How this applies to you:

— Jesus demonstrated this in the Garden of Gethsemane when He prayed, “Not my will, but yours be done” (Luke 22:42). This wasn’t Jesus being weak; it was Jesus aligning with heaven’s higher purpose.

— Prayer from a position of grace acknowledges that God’s plans are better than yours. Jeremiah 29:11 reminds us that God’s plans for us are for good, to give us a future and a hope.  So, when we pray, we must remember that God already has a plan. Our job is to discover what that is and pray in alignment with it.

— Yielding to heaven’s purpose doesn’t mean you never ask for what you want. Jesus taught us to ask (Matthew 7:7).  But it does mean that your asking is surrendered to God’s higher wisdom. Our desire should be to desire what God desires for us.

— When your prayers come from a yielded heart, you can trust that even unanswered prayers (from your perspective) are actually God protecting you from what would harm you or Him redirecting you to something better.

— Surrendering to heaven’s purpose in prayer eliminates frustration. You’re not trying to bend God’s will to yours; you’re allowing His will to shape yours.

— Alignment with heaven means praying for God’s will to be done daily. The priorities of heaven should be the priorities of your prayers.  You’re actively choosing to trust God’s perspective over your own, His timing over yours, and His methods over yours.

That’s enough for today.

Declaration of Faith:

Father, I thank You for giving me the right and responsibility to pray. My prayers agree with You to bring heaven’s reality into my earthly circumstances.

I declare that I pray from heaven’s perspective, not from the perspective of earth’s problems.

I exercise the divine authority You’ve given me to bind and loose according to what is already bound and loosed in heaven.

My prayers follow Your pattern—seeing in the Spirit what You’ve already done and then aligning my lips and legs with Your reality.

I surrender my will to Yours, acknowledging that Your plans for me are better than anything I could devise for myself.
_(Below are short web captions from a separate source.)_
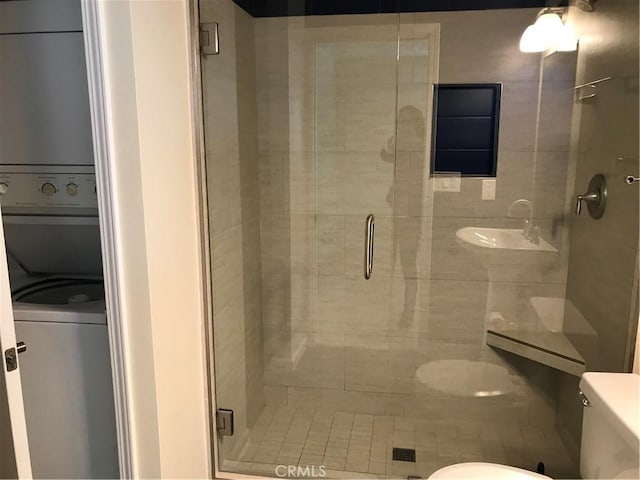 bathroom with an enclosed shower, toilet, and stacked washer and dryer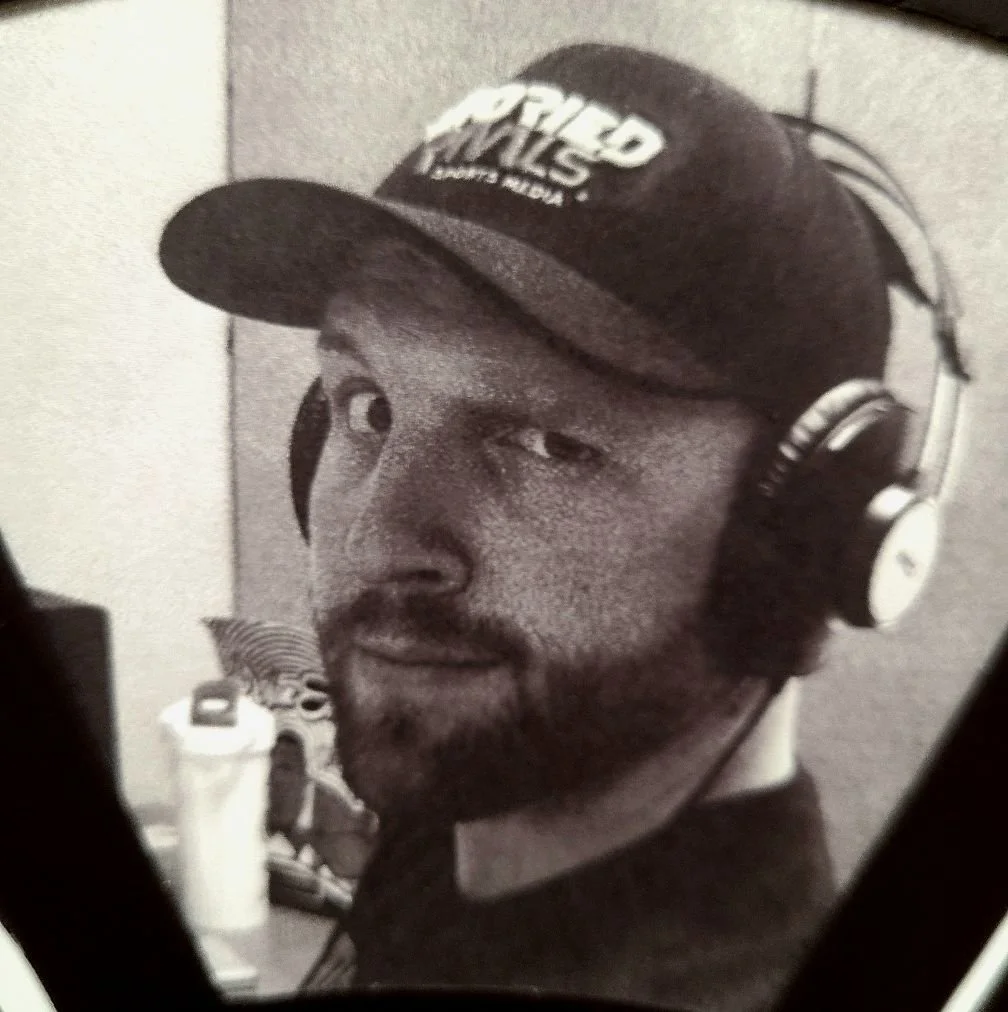 A black-and-white photo of a man wearing a baseball cap and headphones, looking at the camera.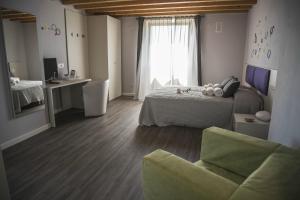ロナートにあるMichela BB & Relaisのベッドルーム1室(ベッド1台、椅子、窓付)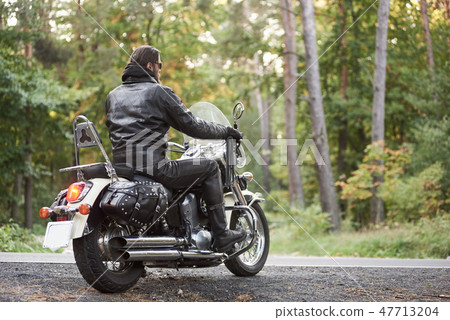 Bearded biker in black leather jacket on modern motorcycle on country roadside. 47713204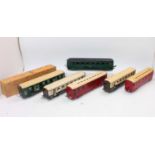 Six JEP bogie coaches: 2 x brown & cream; one duo tone green baggage car; one dark green – appears a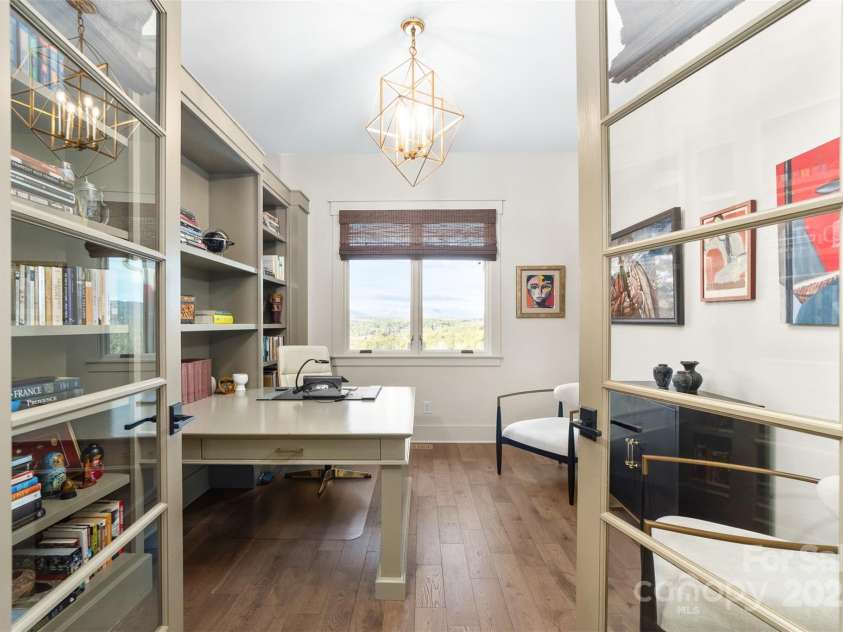 68 Cinch Knot Drive, Nebo, NC 28761.  MLS# CAR4233155, YatesRealty ID 22370. Let the views inspire you in the office/creative studio with custom bookcase and desk on the main level.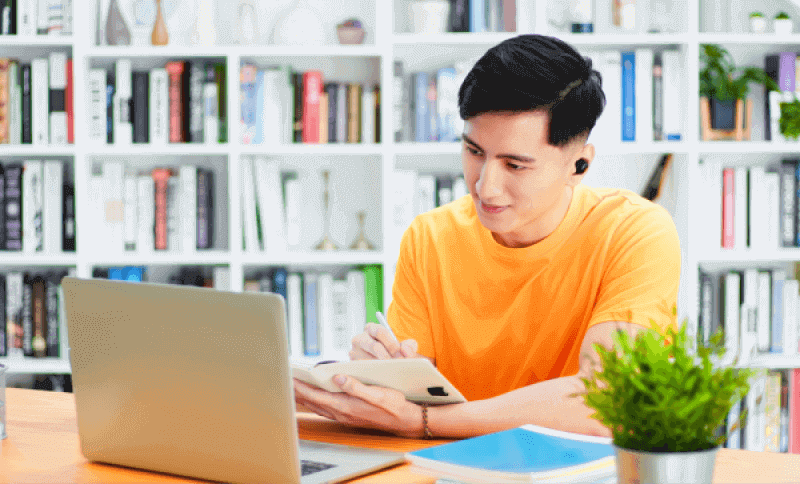 student attending class through laptop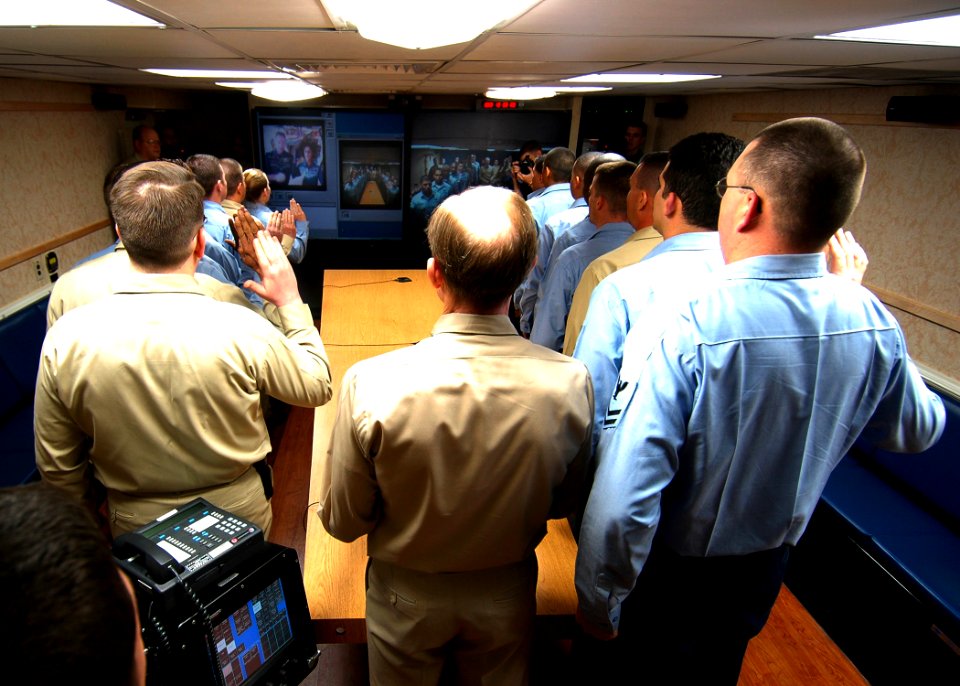 US Navy 070129-N-0490C-001 Orbiting 200 miles above Earth, astronauts, U.S. Navy Capt. Michael Lopez-Alegria and flight engineer U.S. Navy Cmdr. Suni Williams reenlist 16 Sailors aboard Nimitz-class aircraft carrier USS Dwight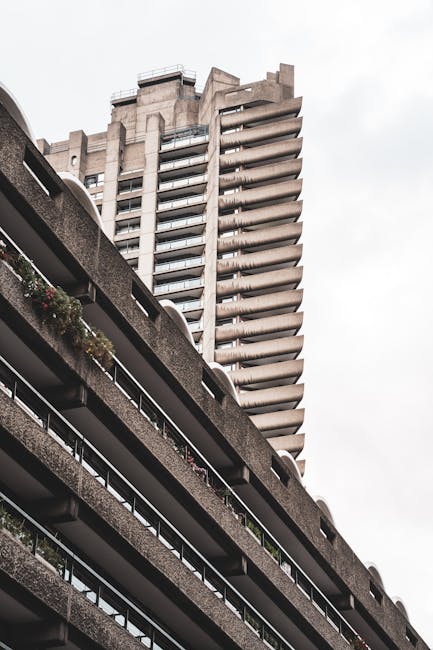 The image displays a close-up view of a high-rise residential building's exterior, highlighting the concrete balcony structures and window arrangements. The building features multiple floors with protruding balconies, some of which are equipped with metal railings and small potted plants. The facade appears weathered with visible streaks and streaking marks on the concrete surfaces, suggesting exposure to the elements. The photograph captures the building in natural light, emphasizing the stark, utilitarian design typical of urban housing complexes. The perspective focuses on the vertical alignment of the balconies and windows, providing a sense of the building's height and architectural style. This type of image could relate to the context of house or flat removals, illustrating a typical urban setting where furniture and belongings are transported during home relocation or moving services. Man with Van Barbican's expertise in furniture transport and packing would be relevant to such a setting, especially when navigating high-rise buildings like this one.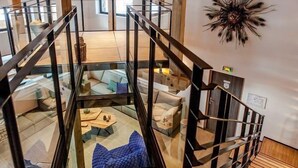 A modern interior with a glass-walled staircase leading to a living area with sofas and a coffee table.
I position myself to hear from You before I pray, so that my prayers align perfectly with what You’ve already decided.

I am seated with Christ in heavenly places, and from that position of authority, I declare heaven’s realities into my circumstances.

Your Kingdom has come.  Your will shall be done. It will happen on earth, as it is in heaven, through me, for Your glory!  

I am living THE GRACE LIFE in 2025, and GREATER IS COMING FOR ME!

I declare this by faith, in Jesus’ name. Amen!

This is Today’s Word! Apply it and prosper!